The court sustained the demurrer without leave to amend with respect to corporate defendants Seabury and Smith, Inc. and Guy Carpenter and Company, Inc.
2. Defendants’ Motion for Summary Judgment on the Section 25400 and 25500 Claim
MMC and Marsh, Inc. answered the Sixth Amended Complaint and moved for summary judgment on the section 25400 and 25500 claims. The trial court granted the motion, finding primarily that sections 25400 and 25500 did not apply to the securities at issue, and plaintiffs could not demonstrate damages because the covering of the short sales occurred before Spitzer’s announcement and therefore the transactions were unaffected.
DISCUSSION
I. OVERVIEW OF SECURITIES FRAUD LAWS
Under the common law, the buyer, seller or holder of a security may assert a claim for fraud or negligent misrepresentation against the corporation or a party with whom they have engaged in a stock transaction. “‘The elements of fraud, which give rise to the tort action for deceit, are (a) misrepresentation (false representation, concealment, or nondisclosure); (b) knowledge of falsity (or “scienter”); (c) intent to defraud, i.e., to induce reliance; (d) justifiable reliance; and (e) resulting damage.’” (Lazar v. Superior Court (1996) 12 Cal.4th 631, 638 (Lazar).) In contrast, a claim for negligent misrepresentation does not require knowledge of falsity; rather, the plaintiff must show “(1) the misrepresentation of a past or existing material fact, (2) without reasonable grounds for believing it to be true, (3) with intent to induce another’s reliance on the fact misrepresented, (4) justifiable reliance, and (5) resulting damages.” (Apollo Capital Fund LLC v.

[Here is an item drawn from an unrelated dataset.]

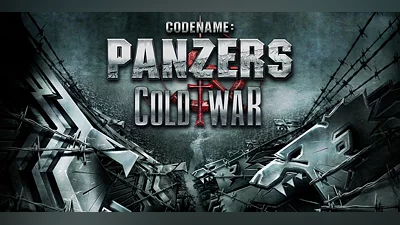 Codename Panzers Cold War (DLC) [Global] [Standard]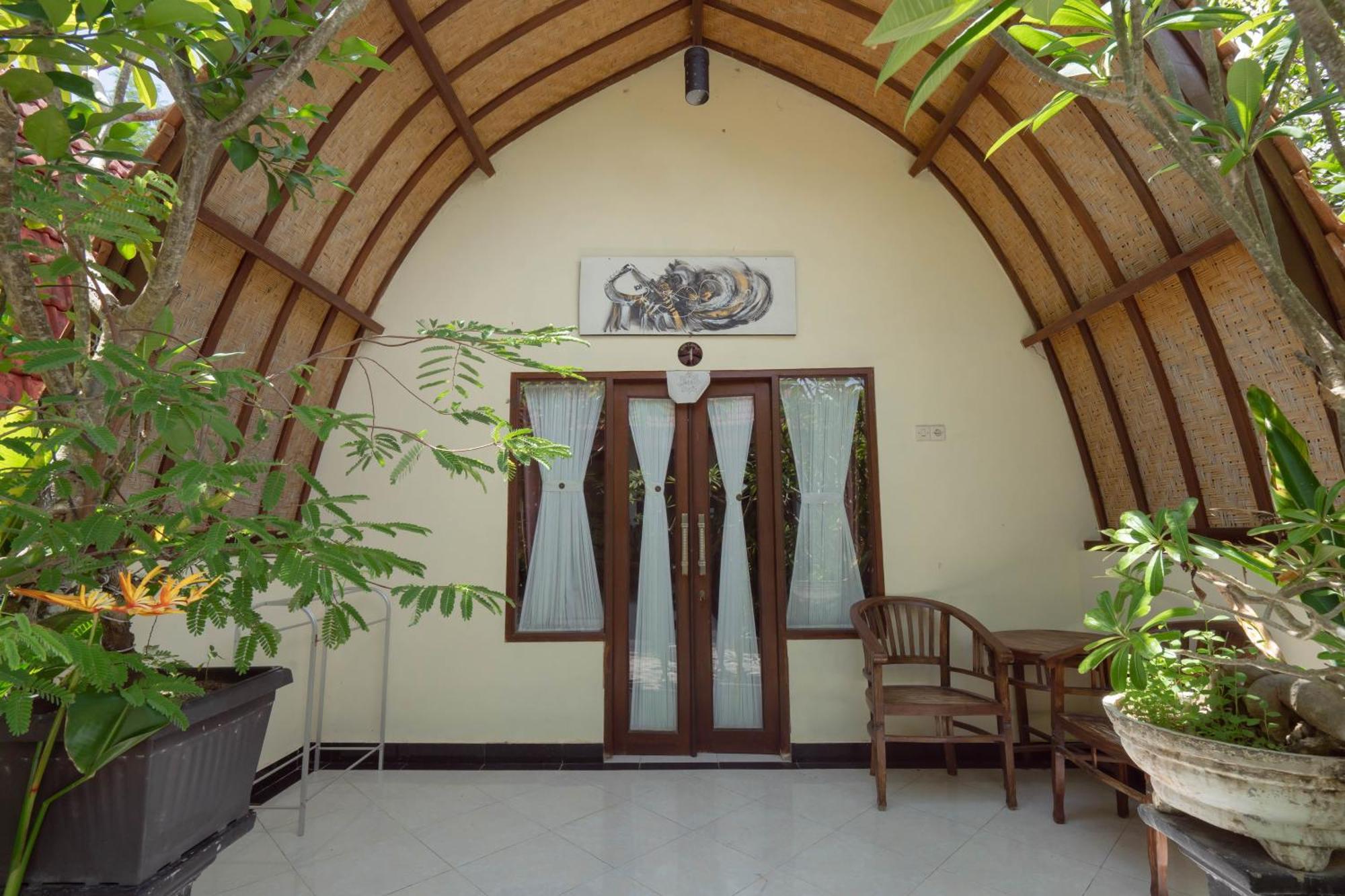 Ratu Cottage By Ourstory Travels Batununggul المظهر الخارجي الصورة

Roth Capital Partners, LLC (2007) 158 Cal.App.4th 226, 243.) Essential to both types of common law claims is a showing of reliance. (Mirkin v. Wasserman (1993) 5 Cal.4th 1082, 1092.) For an investor who holds stock, the plaintiff must establish reliance through a forbearance theory by specifically pleading those shares of stock that would have been sold and when the stock would have sold. (Small, supra, 30 Cal.4th 167, 184.)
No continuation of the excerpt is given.